**Your instructions**
Output the whole listing exactly, except for the pictures in it.

**Material provided**
<<<<

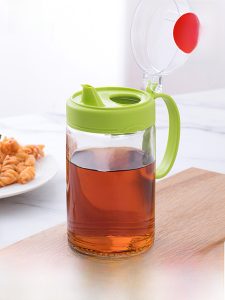 Tea Flower Oil Bottle Glass Leakproof Kitchen Supplies Plastic Oil Tank Pot Vinegar Bottle Soy Sauce Seasoning Storage Jar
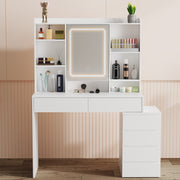 Dressing Table With 6 Drawers LED Mirror Set Makeup Desk Vanity Table Bedroom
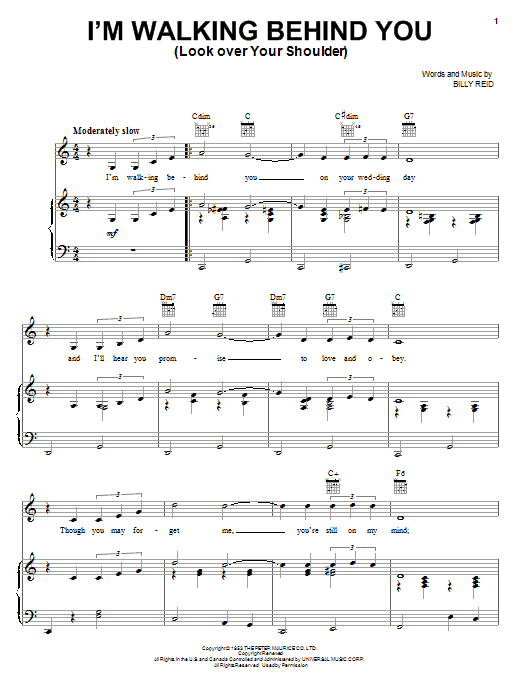 Learn to play Eddie Fisher I'm Walking Behind You (Look Over Your Shoulder) sheet music for Piano, Vocal & Guitar (Right-Hand Melody) in minutes. Eddie Fisher I'm Walking Behind You (Look Over Your Shoulder) sheet music notes and chords. Download Printable PDF.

>>>>

**Solution for this exercise**
 Tea Flower Oil Bottle Glass Leakproof Kitchen Supplies Plastic Oil Tank Pot Vinegar Bottle Soy Sauce Seasoning Storage Jar
 Dressing Table With 6 Drawers LED Mirror Set Makeup Desk Vanity Table Bedroom
 Learn to play Eddie Fisher I'm Walking Behind You (Look Over Your Shoulder) sheet music for Piano, Vocal & Guitar (Right-Hand Melody) in minutes. Eddie Fisher I'm Walking Behind You (Look Over Your Shoulder) sheet music notes and chords. Download Printable PDF.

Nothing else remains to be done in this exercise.